Dive Brief:
- A Connecticut magnet school has partnered with China’s Ministry of Education to offer a cross-cultural arts program designed to build international ties, reports District Administration.
- The Area Cooperative Educational Services Educational Center for the Arts (ACES ECA) magnet school allows about 300 students from 27 area high schools to work with four highly-qualified English-speaking students from China in the afternoons to focus on art forms such as theater, dancing, music, creative writing and visual arts.
- ACES eventually plans to expand the international exchange program to include students from Spain, Germany, Japan and Australia.
Dive Insight:
An exploration of the artistic aspects of a culture offers a window into its soul. By learning more about the music, dance, stories and artistic creations of a people, we learn more about what the people of that culture value. Do they prefer soft lines and colors or bold? Are they more drawn to realism or impressions? Do they value order or wild emotion?
These aspects of art can also introduce students to different time periods of our own culture, as well. The art, drama and music of our past weave a tapestry of the struggles, victories and values of our country across the spectrum of our national timeline.

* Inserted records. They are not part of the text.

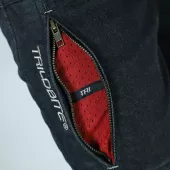 Pánské džíny Trilobite Parado doublelayer AAAA slim fit black level 2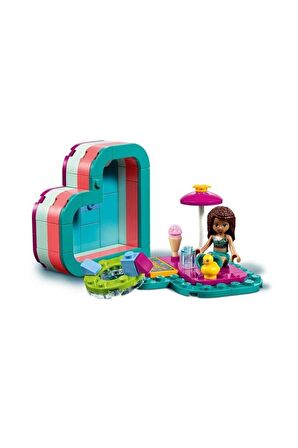 LEGO Friends 41384 Andrea's Summer Heart Box
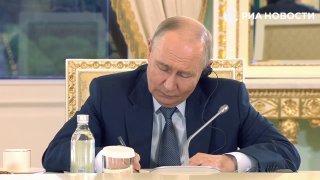 Путин прокомментировал вероятность нападения России на НАТО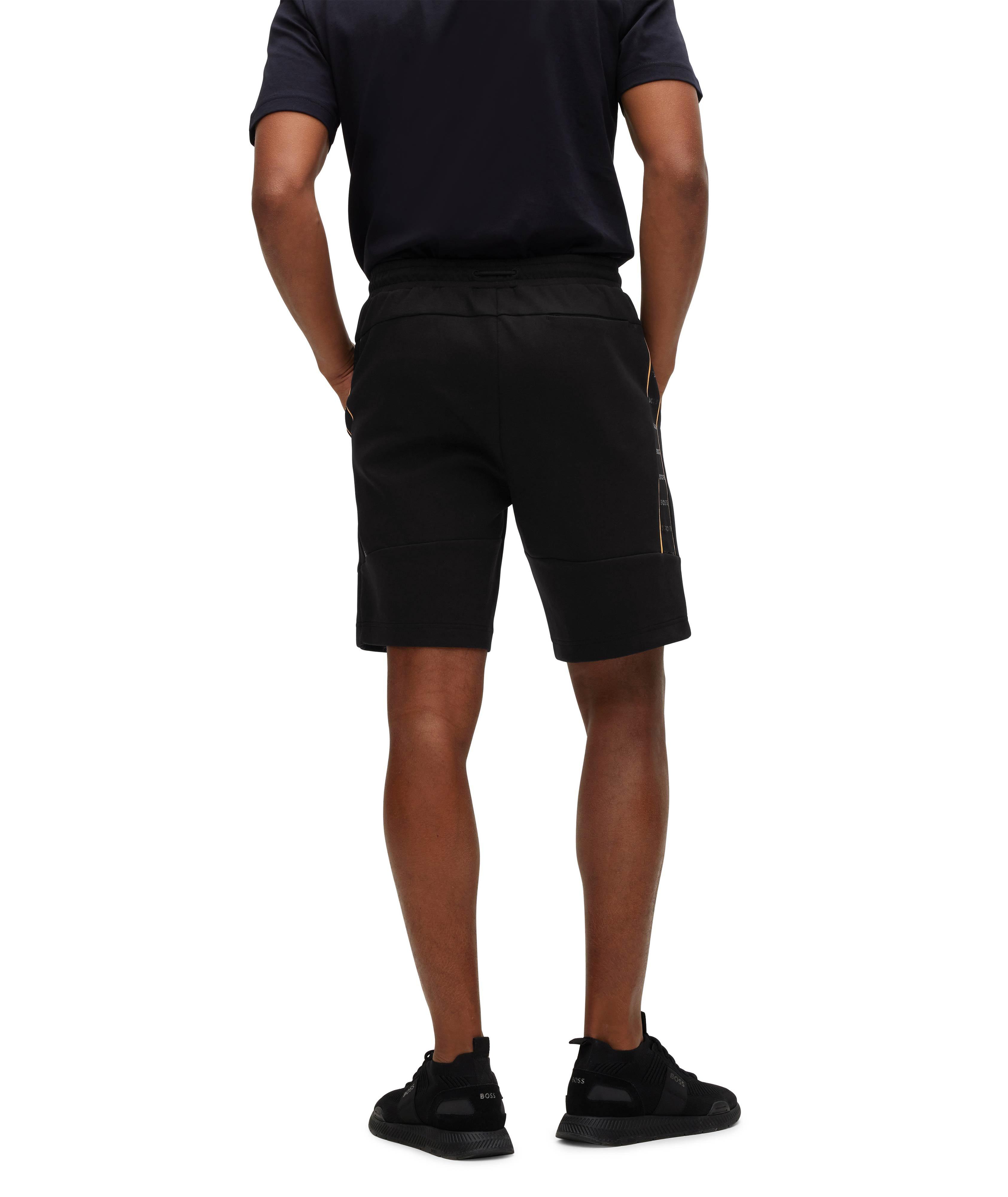 Cotton Sweat Short with Logo Tape  image 2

Integrating art into other subjects can also make learning come alive in other areas of instruction. Students can study geometry by exploring the angles of a work of art by Russian artist Wassily Kandinsky. They can explore the use of fractions in a musical score. They can create their own pictures and poems to retell the story of a great piece of literature. A study of the arts can also simply teach students that creativity can be applied to finding solutions in their daily lives. At a time when budget cuts often reduce the teaching of arts as a subject, teachers and administrators may need to find creative solutions of their own to integrating arts into core academic courses.